The local employees' health care costs are crushing towns across Massachusetts. It is affecting property taxes, schools and jobs. As I understand it, the town, city and county workers' unions were given the opportunity to come into the state employees' insurance system, but most declined because of higher co-pays. With this law, they are being forced to sign up.

My feeling is that, if we did have a huge number of subscribers to one system, there would be the clout to crack down on some of the insurers and hospitals. And, perhaps, and I know Gov. Patrick has said he would favor this, the ability of the self-employed, under-employed and others without company sponsored insurance plans to sign on as well. In other words, a public option.

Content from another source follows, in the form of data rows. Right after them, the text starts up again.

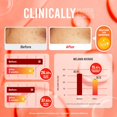 thumbnail image 2 of Pure Kojic | Jabón de Cuidado de la Piel | 2.82 oz (2 barras), 2 of 5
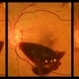 YAG Laser in Preretinal Hemorrhage YAG Laser in Preretinal Hemorrhage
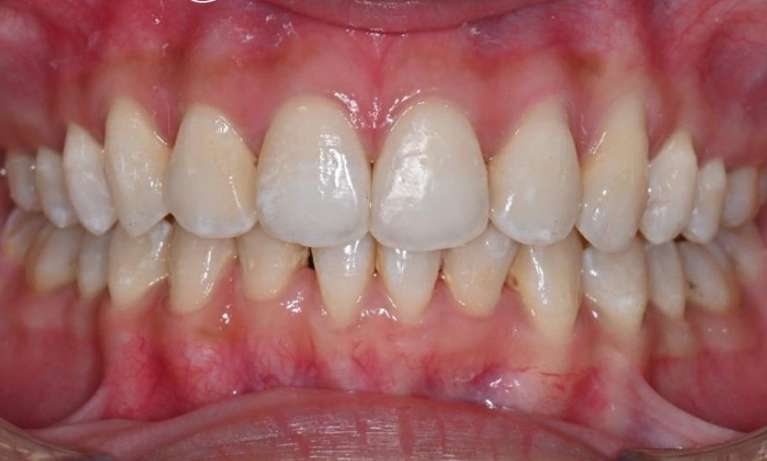 Orthodontic-Treatment-with-Clear-Aligners-After-Image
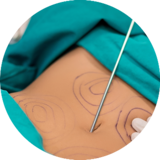 Classic liposuction fotor 20230718182336 1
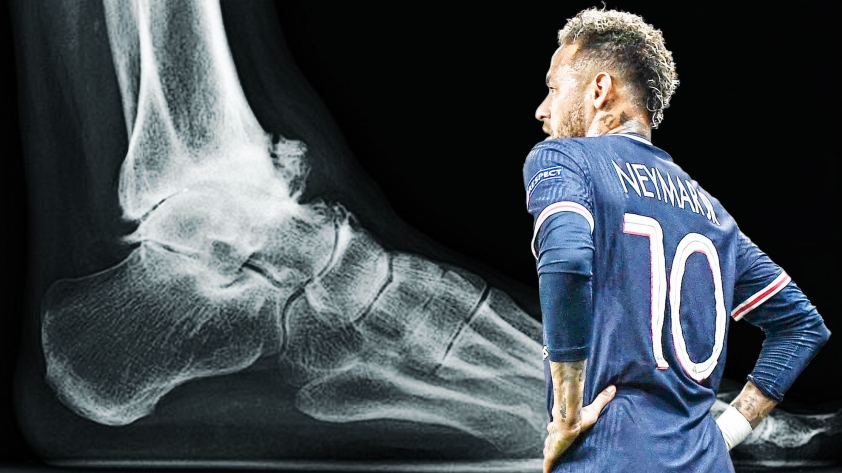 neymar-chan-thuong-psg-1680684742.jpg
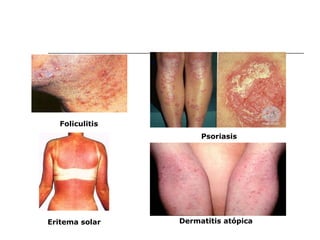 Foliculitis Eritema solar Psoriasis Dermatitis atópica 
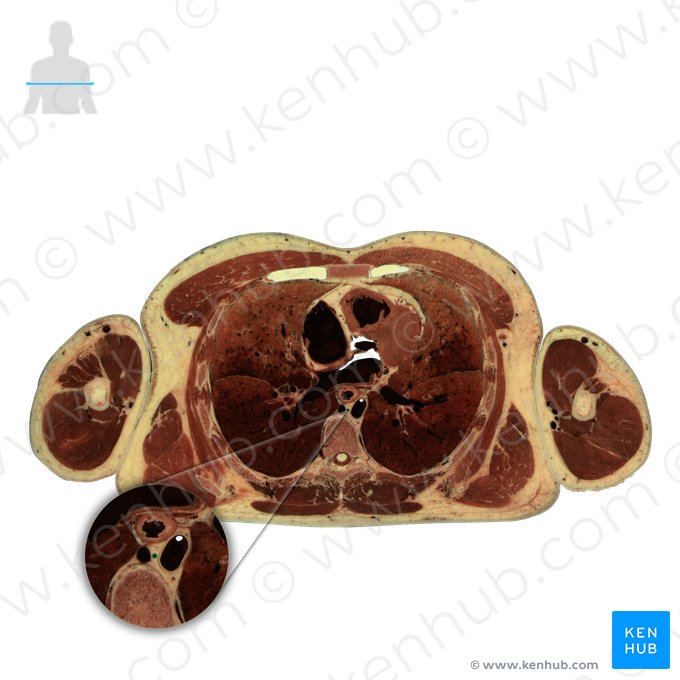 Thoracic duct (Ductus thoracicus); Image: National Library of Medicine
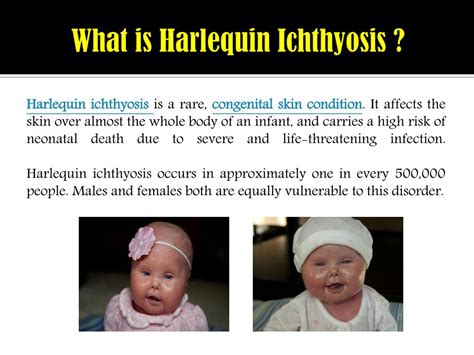 PPT - Harlequin Ichthyosis: Causes, symptoms, complications and ...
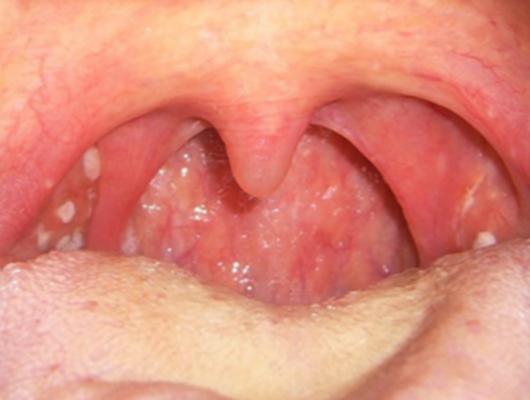 喉癌图片 (46)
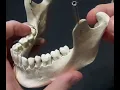 Identification of Bony Landmarks - Mandible Skull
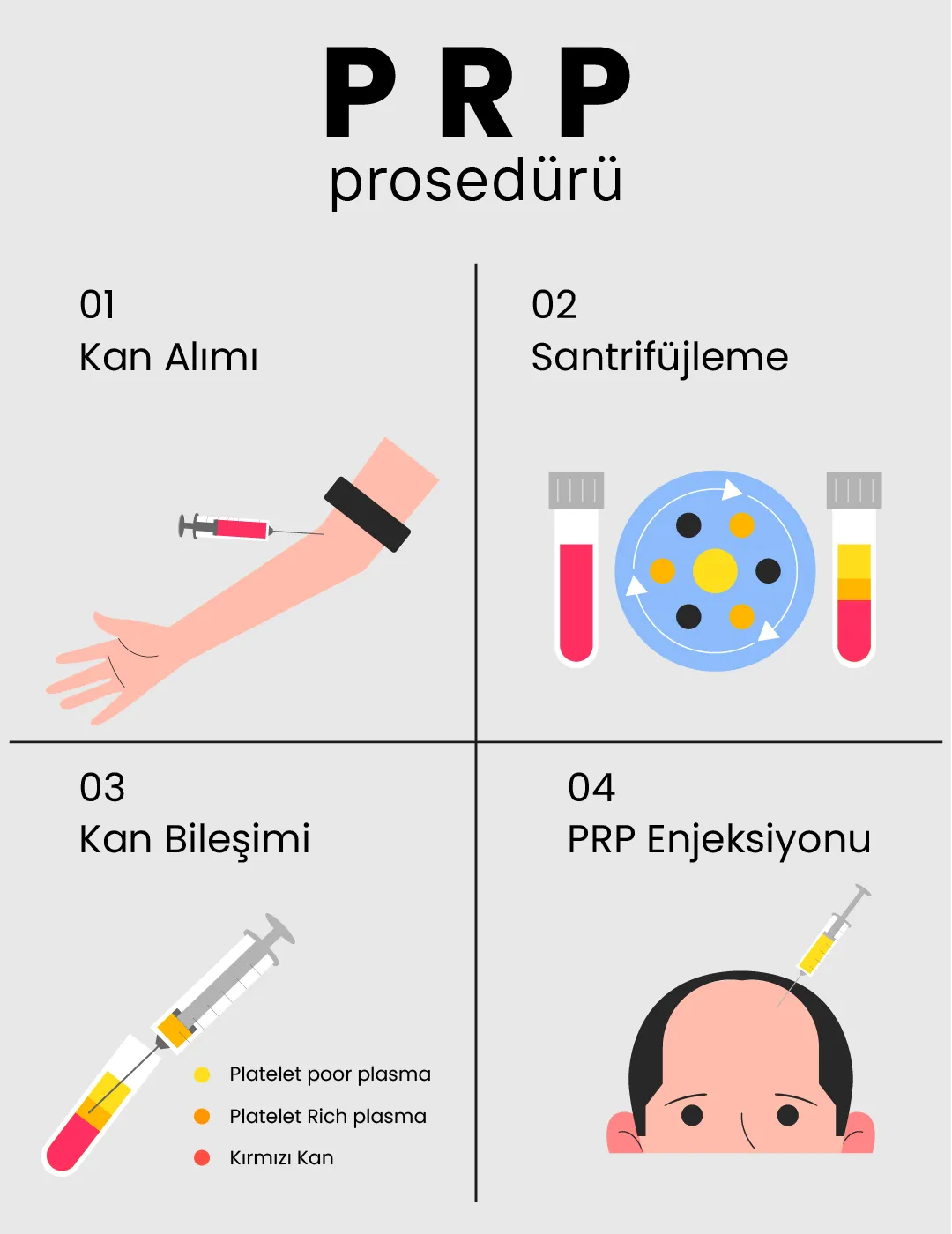 prp procedure 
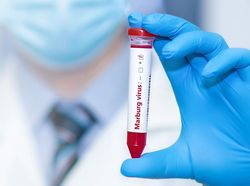 Wanti-wanti WHO soal Angka Kematian Virus Marburg 90 Persen-Risiko Menyebar ke RI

I agree that Patrick's happy talk about Mass. health care is ridiculously inaccurate. Without any control over or an alternative to private insurance companies, there is nothing to stop the bleeding of money into insurance companies and large hospitals.

Here is at statement from a former town selectman on a Democratic message board on the So. Shore that may shine some light on what the towns are going through.

As a former Selectmen, I can tell you that the unions' protestations ring hollow. I have seen how they will sacrifice jobs (for their young members) to protect benefits (for the entrenched members). The reason so few towns joined the GIC in the recent voluntary effort was that 75% of union members had to agree. Of course, they did not. So the ad professes the unions will "bargain". They haven't to date and they won't. It is unfortunate that because this country won't attack the true cause of health care costs we must have this fight, but the present system is unsustainable and the unions need to see it. Jobs for members over benefits better than anyone else has!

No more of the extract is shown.